• **Task details**
Keep the images out while you set down the data exactly.

• **Stored data**
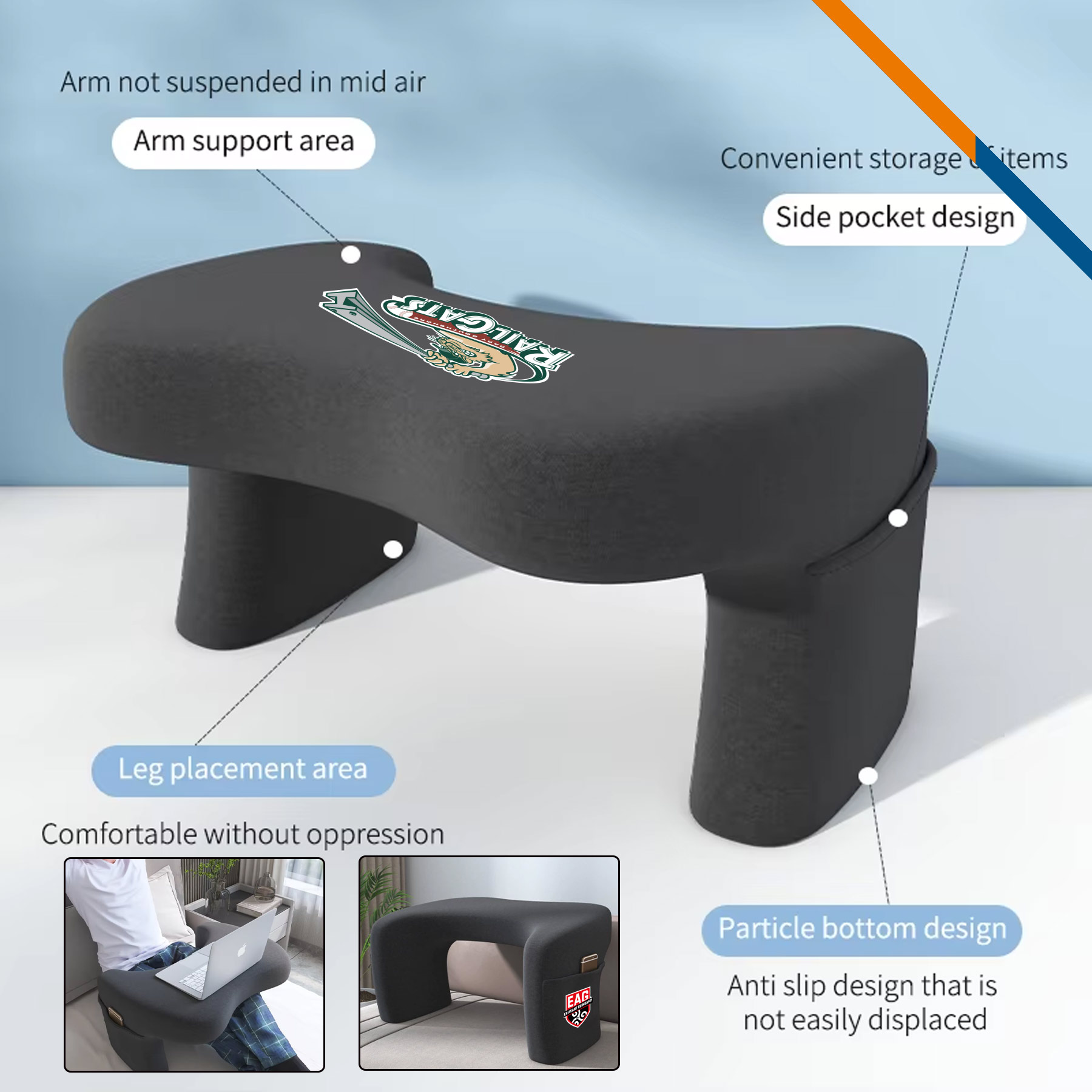Heller Lap Desk Reading Pillow 2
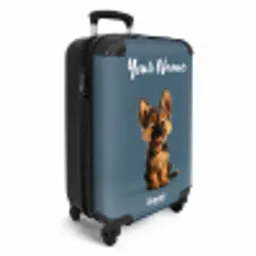 Hylke herder NBS - Handbagage koffer - Kinderen Unisex middel -productfoto_3d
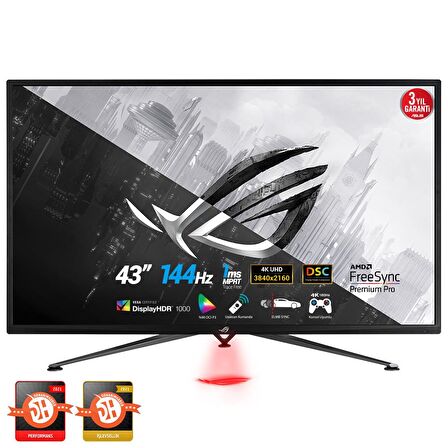 Asus ROGSTRIXXG43UQ 43 inç 1 ms HDMI Display 144 Hz LED 4K Oyun Bilgisayar Monitörü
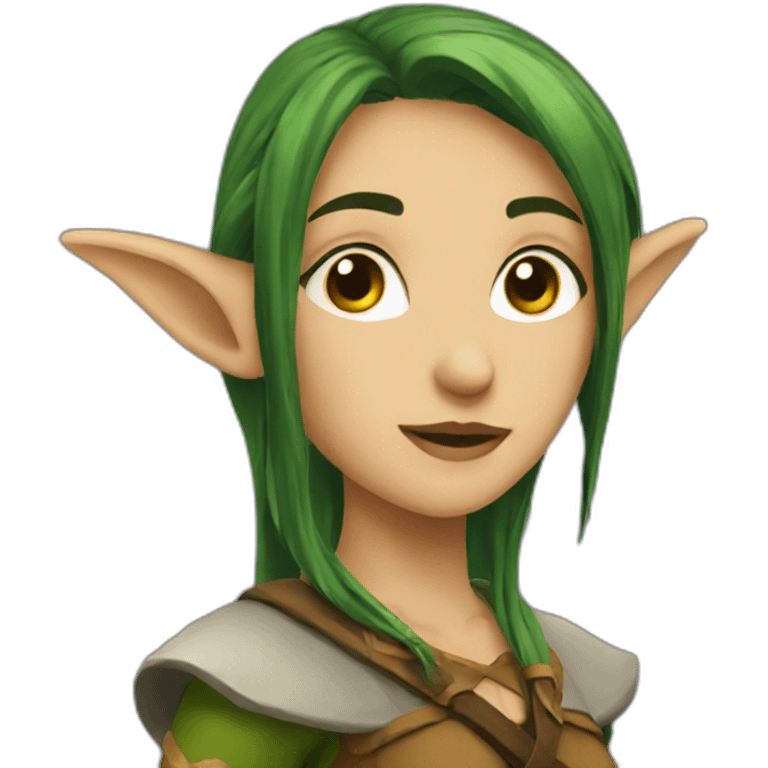 female-wood-elf emoji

• **Task result**
Heller Lap Desk Reading Pillow 2
 Hylke herder NBS - Handbagage koffer - Kinderen Unisex middel -productfoto_3d
 Asus ROGSTRIXXG43UQ 43 inç 1 ms HDMI Display 144 Hz LED 4K Oyun Bilgisayar Monitörü
 female-wood-elf emoji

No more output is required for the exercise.